There's a common mistake to confuse astrology with astronomy. At that time, astronomy had some pretty huge hurdles fir heliocentricism (see my previous). However, there was great interest in predicting the paths of the planets. This fell into astology, which was full of mathematical models to do the predicting. Some of these were predicated on heliocentricism because you could make the model work that way, but this was just math and not considered a statement on reality (again, see the astronomy).The other weird thing about this situation is that a large body within the church already considered the earth not to be the center of the universe and that this was nit even a new notion.
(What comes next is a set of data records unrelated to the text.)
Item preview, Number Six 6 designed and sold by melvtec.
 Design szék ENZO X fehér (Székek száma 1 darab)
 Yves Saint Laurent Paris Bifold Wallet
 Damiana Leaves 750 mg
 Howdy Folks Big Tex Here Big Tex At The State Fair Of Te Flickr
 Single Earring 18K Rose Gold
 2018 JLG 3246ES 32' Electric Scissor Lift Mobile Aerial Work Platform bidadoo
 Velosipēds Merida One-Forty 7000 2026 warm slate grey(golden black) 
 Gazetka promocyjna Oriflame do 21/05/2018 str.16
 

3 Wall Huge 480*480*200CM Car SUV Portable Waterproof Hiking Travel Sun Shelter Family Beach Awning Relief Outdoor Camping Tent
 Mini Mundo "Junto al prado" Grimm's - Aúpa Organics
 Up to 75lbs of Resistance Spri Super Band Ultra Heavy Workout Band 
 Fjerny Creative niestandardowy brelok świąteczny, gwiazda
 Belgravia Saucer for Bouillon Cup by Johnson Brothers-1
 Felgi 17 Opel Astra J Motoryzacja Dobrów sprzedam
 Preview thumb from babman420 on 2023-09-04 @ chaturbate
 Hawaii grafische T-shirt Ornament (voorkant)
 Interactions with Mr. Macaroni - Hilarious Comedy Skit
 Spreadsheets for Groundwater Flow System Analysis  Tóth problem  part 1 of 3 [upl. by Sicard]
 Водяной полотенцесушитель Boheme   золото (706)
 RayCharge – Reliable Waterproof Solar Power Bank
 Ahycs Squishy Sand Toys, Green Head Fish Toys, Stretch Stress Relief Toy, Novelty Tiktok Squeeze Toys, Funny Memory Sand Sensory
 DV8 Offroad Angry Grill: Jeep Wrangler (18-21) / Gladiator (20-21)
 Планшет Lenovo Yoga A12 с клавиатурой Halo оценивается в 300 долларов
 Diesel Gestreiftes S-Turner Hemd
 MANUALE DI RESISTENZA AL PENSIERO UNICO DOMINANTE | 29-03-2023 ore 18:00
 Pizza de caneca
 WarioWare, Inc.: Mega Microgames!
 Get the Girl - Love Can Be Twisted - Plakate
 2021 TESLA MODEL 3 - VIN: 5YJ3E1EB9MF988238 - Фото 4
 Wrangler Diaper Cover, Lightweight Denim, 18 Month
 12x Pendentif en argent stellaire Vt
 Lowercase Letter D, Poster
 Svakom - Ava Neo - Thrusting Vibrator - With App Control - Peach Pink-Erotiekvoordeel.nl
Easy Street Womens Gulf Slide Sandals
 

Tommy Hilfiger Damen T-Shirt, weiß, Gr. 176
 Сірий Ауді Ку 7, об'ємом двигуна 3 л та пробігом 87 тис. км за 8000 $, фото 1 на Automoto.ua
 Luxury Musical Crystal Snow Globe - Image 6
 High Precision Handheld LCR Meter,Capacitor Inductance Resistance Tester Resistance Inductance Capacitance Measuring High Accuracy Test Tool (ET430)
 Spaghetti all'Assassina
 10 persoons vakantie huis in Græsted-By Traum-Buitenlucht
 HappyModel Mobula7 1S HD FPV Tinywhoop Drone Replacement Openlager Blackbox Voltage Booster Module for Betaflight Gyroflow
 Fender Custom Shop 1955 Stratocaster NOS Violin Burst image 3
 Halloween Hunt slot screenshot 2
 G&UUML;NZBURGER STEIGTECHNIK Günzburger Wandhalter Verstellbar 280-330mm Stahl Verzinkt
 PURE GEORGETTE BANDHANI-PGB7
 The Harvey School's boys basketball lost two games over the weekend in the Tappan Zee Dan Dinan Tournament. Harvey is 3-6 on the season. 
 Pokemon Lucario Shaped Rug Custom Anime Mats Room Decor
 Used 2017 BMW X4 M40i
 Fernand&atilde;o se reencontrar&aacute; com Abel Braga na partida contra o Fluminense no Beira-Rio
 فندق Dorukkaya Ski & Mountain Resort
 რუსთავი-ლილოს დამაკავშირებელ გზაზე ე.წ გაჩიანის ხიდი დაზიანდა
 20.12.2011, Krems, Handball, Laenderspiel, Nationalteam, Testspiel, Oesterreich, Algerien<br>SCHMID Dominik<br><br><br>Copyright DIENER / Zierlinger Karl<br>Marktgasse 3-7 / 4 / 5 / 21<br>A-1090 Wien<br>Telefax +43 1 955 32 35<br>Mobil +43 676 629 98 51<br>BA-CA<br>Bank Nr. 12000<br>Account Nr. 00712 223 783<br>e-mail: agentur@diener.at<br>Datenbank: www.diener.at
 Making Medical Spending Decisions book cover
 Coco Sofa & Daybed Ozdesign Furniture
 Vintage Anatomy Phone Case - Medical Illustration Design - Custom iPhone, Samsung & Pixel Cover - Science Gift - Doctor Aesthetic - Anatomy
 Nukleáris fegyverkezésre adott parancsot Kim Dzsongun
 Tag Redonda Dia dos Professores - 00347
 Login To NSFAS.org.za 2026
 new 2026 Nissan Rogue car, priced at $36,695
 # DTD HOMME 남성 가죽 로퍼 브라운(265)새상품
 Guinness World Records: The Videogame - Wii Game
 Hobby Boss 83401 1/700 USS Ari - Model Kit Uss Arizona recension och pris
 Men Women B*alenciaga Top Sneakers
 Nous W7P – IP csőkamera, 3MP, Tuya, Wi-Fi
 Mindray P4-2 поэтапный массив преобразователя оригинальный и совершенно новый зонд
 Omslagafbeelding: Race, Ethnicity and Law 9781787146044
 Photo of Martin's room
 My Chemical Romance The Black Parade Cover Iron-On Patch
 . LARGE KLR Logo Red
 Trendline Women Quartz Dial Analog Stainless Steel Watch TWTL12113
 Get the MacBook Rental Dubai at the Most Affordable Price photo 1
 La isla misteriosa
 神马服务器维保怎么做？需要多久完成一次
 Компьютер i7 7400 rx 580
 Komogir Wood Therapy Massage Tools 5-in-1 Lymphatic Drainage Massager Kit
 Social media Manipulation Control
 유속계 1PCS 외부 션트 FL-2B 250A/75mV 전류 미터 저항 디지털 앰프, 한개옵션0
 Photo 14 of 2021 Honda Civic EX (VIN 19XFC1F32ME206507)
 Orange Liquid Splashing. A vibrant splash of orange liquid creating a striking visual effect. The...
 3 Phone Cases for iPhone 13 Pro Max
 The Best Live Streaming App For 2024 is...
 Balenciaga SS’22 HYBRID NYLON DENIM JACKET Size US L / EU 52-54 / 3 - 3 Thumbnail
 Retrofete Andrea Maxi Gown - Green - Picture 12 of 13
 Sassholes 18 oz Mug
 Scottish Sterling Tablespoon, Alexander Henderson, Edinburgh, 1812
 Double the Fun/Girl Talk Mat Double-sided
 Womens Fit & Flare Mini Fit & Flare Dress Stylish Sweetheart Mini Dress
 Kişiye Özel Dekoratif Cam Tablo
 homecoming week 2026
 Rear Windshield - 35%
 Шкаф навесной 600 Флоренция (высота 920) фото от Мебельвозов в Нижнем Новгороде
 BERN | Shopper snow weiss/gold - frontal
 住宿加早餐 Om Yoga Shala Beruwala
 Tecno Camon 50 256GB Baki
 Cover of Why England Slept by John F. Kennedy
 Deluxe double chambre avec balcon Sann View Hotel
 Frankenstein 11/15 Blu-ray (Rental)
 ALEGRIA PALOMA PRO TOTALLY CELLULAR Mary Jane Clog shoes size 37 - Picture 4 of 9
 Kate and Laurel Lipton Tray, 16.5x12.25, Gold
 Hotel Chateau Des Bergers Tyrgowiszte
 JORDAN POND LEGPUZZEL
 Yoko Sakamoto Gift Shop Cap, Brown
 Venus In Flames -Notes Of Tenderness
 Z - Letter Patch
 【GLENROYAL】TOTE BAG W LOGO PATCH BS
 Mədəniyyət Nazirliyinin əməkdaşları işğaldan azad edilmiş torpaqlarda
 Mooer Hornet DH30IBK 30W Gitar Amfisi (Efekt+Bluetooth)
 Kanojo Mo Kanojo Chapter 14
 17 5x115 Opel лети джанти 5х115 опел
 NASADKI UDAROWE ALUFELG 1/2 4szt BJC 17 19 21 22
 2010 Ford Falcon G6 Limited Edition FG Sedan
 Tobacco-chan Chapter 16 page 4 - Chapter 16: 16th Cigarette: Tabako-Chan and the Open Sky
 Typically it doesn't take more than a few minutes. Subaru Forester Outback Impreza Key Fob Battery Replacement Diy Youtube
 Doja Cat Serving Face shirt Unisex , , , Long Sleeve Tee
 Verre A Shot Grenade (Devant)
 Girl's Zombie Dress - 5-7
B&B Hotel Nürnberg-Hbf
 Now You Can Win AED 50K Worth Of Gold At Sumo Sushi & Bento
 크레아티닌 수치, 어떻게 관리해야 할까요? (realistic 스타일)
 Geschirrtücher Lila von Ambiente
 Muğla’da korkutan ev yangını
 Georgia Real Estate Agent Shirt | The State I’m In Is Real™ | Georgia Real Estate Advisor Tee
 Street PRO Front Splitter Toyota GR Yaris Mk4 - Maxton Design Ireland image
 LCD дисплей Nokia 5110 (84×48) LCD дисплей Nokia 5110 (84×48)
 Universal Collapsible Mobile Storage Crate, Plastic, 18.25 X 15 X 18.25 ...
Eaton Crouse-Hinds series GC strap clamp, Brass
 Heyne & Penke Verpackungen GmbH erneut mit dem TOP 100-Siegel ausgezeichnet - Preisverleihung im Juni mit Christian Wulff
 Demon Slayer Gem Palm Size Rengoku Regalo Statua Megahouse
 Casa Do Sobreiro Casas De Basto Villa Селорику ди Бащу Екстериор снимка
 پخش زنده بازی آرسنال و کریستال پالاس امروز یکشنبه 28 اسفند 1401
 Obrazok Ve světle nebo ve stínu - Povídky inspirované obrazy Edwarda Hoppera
It was held in contention by some in the church but there was already some centuries earlier a catholic monk of all things that had already used calculations on star charts, shadow measurements year to year, and other data to show the earth was revolving around the sun. I think he also showed that the sun likely was moving but i cant remember for sure if that was the same guy or someone later.
Btw, an example of what i was talking about when i said that scientific knowledge often gets discovered, forgotten, then rediscovered.
We confuse these because we know more and so it's obvious to us and, as pattern seeking people, we see a pattern after tge truth. They did not see this. It was an interesting mathematical prediction model only.
The Church encouraged such models. Galileo's model was greatly admired by many in the Church. He got into trouble by proclaiming it truth without evidence, but didn't really get into trouble until he wrote a book where the Pope was a thinly disguised character who was the moron that Galileo dunked on. Then he got house arrest in his nice villa (it was this lenient because of his many friends in the Church). Which cut him off from the parties where he was popular for his acid tongue and so was a terrible punishment. He still got at keast one more book out vua a fruend, but most don't know of it because it was a pretty fanciful theory that didn't catch on.